Beatrice Prior, a 16 year old girl, tells the story, beginning shortly before her evaluation. She starts out in Abnegation, but, like all young people graduating high school, she must be evaluated to decide which faction she is best suited for–and then she must choose which faction she will devote her life to. The problem that turns up during her evaluation is that she is suited for more than one faction and this makes her Divergent. In a choice that shocks her family, she chooses Dauntless, the brave faction, known for wearing dark clothing, running around jumping on and off trains, wearing tattoos and lots of piercings.

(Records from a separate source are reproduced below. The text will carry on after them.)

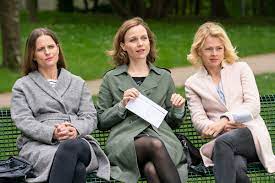 He used to be a lawyer but lost his license. Wer Kommt Nach Alex Alles Munster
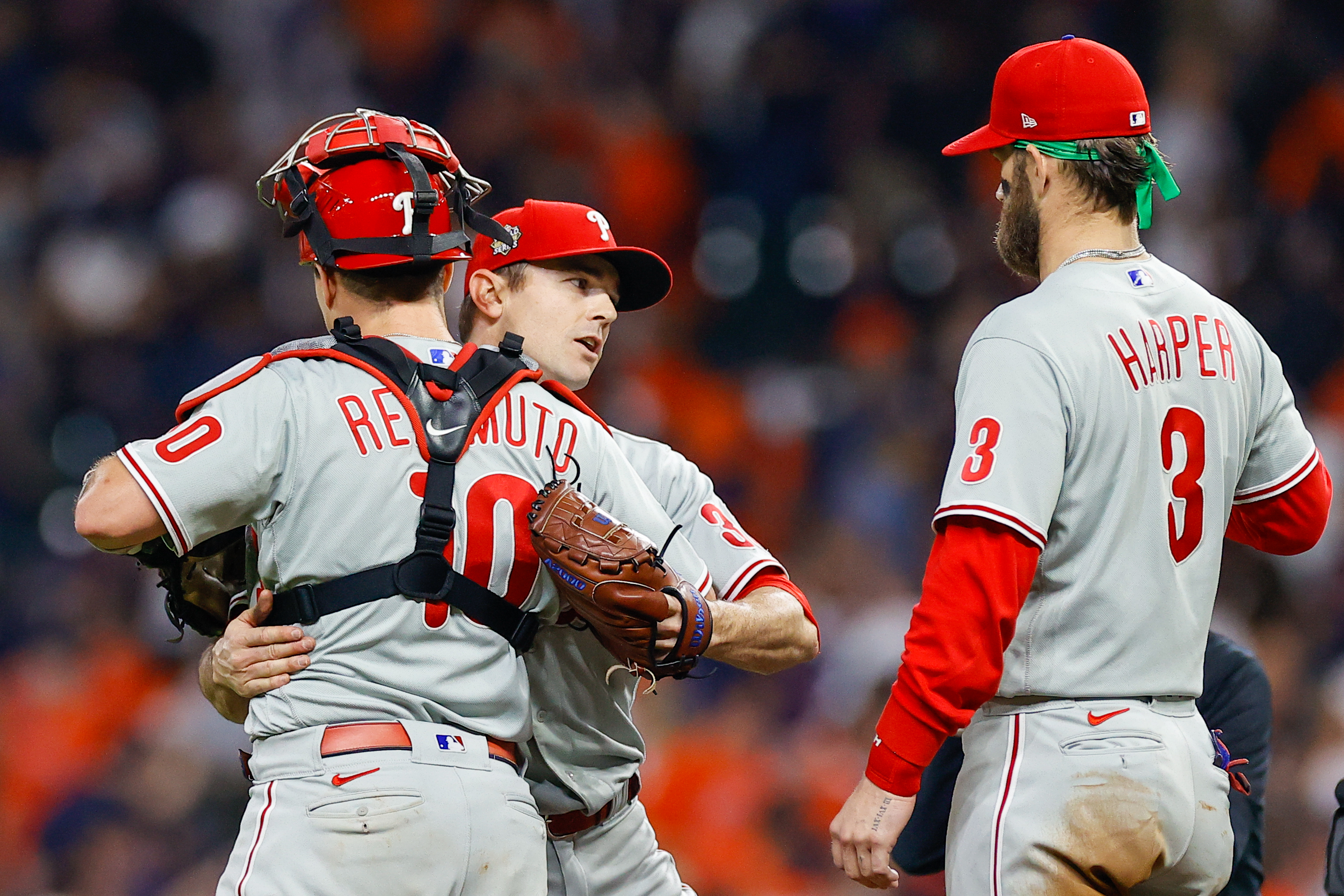 J.T. Realmuto caps Phillies comeback with homer in the 10th to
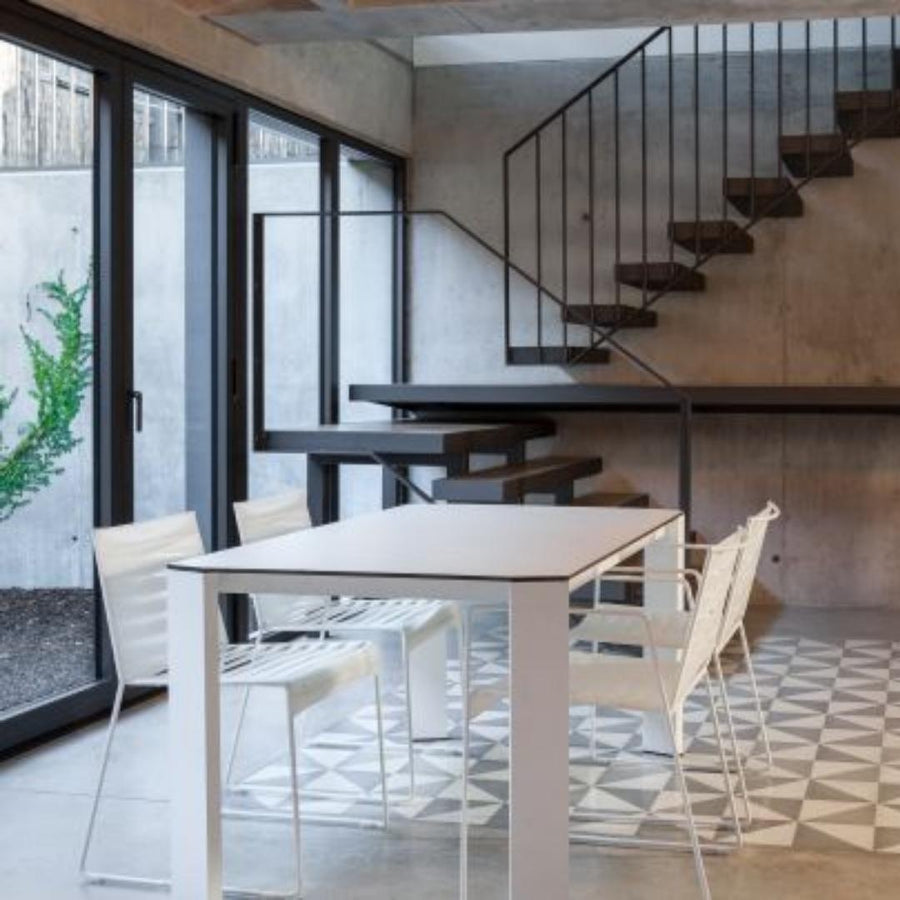 SILLA CON BRAZOS ESPIGA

When she arrives, she changes her first name to the shortened version of Beatrice: Tris.
The book really moves quick, the characters are well-defined, Tris’s voice is unique and interesting, and even though the future world is a little far-fetched, Roth makes it work. The only thing that really bothered me was that Erudite emerge as the villains and I always wonder at writers to seem to feel that being smart automatically makes you untrustworthy. This is a weird thing that permeates America today: the notion that it is so much better to be dumb than smart. Another thing that bothered me–and it was a minor problem in Delirium as well–is that Tris seems to break down and cry a lot. I’d really like my teenage girl heroines to be a little tougher. It seems a more pronounced problem here, where Dauntless are supposed to be tough as nails.
I haven’t finished the trilogy yet, but I currently rank this at #3 in my YA Dystopian First Person Present Girl Heroine trilogies.
Anyway, once you get started, you won’t want to put it down.